# Designfrage.



## lohr (4. Jun 2008)

So jungs, also das mit SQL war nen super tipp für mein projekt, ist leichter als gedacht ^^ 
Arbeite jetzt mit MySQL, JDBC und phpmyadmin. 

Ich hätte ne kurze Design Frage. 
Würdet ihr bei einer Client - Server Anwendung nur dem Server Zugriff auf die SQL Daten erlauben oder würdet ihr auch den direkten Zugriff vom Client zur Datenbank erlauben? 

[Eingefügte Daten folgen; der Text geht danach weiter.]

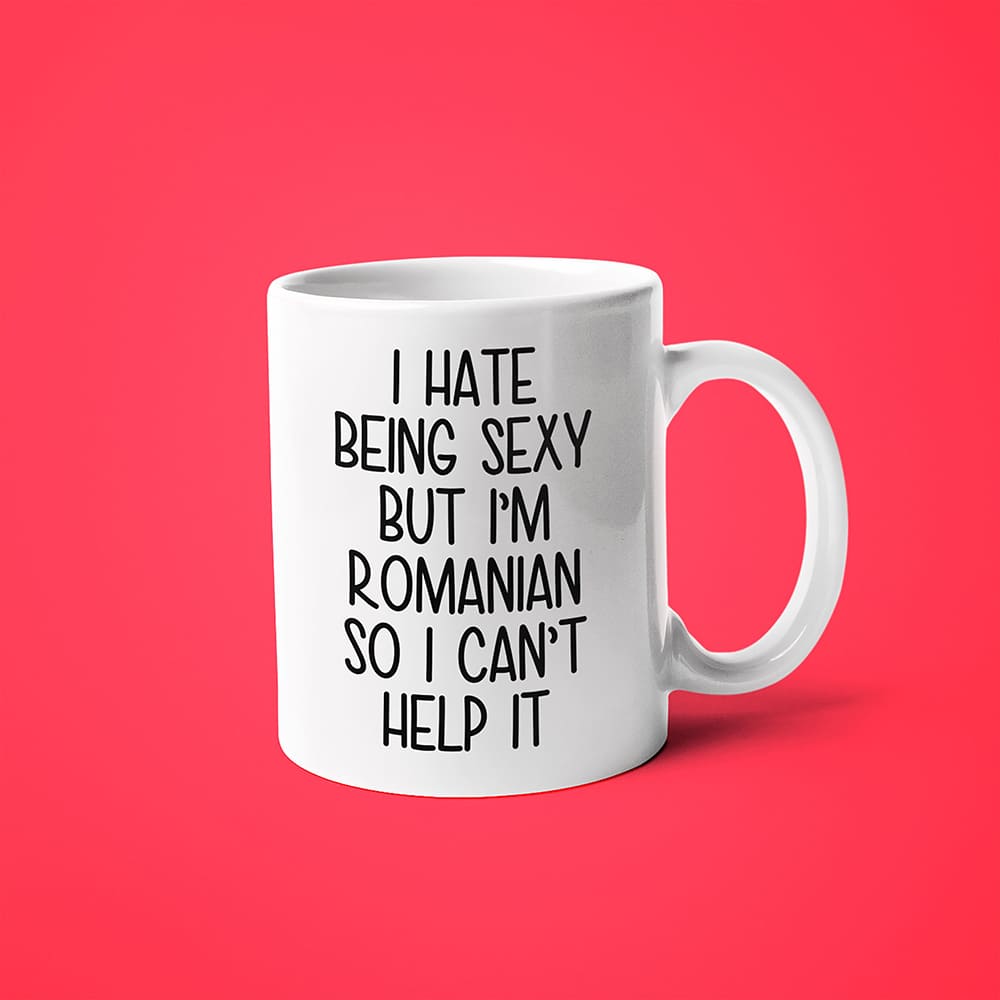 I Hate Being Sexy But I'am Romanian So I Can't Help It Coffee Mug, Too Hot For Border Romanian Mug - KayoMugs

Client Anfrage -> Server -> SQL -> Server -> Client Antwort 
Client Anfrage -> SQL -> Client Antwort 

Durch die zweite Lösung hätte ich halt das Problem das ich das SQL Passwort in einer Klasse speichern muss die dem User mitgegeben wird...

Danke für eure Meinungen!
Gruß lohr


----------



## tfa (4. Jun 2008)

Das zweite ist keine Client-Server Anwendung mehr.
Ein fat Client mit direkter Verbindung zur DB ist natürlich grundsätzlich unsicher. Der einziger Vorteil: es ist leichter zu programmieren.


----------



## lohr (4. Jun 2008)

Jo stimmt da hast du recht...
Gut dann sich nen Protokoll einfallen laßen und Client-Server schreiben 

PS: Sorry für den Doppelpost (im Aktienspiel Thread auch), aber ich dachte das der andere Thread nicht mehr angeschaut wird...


----------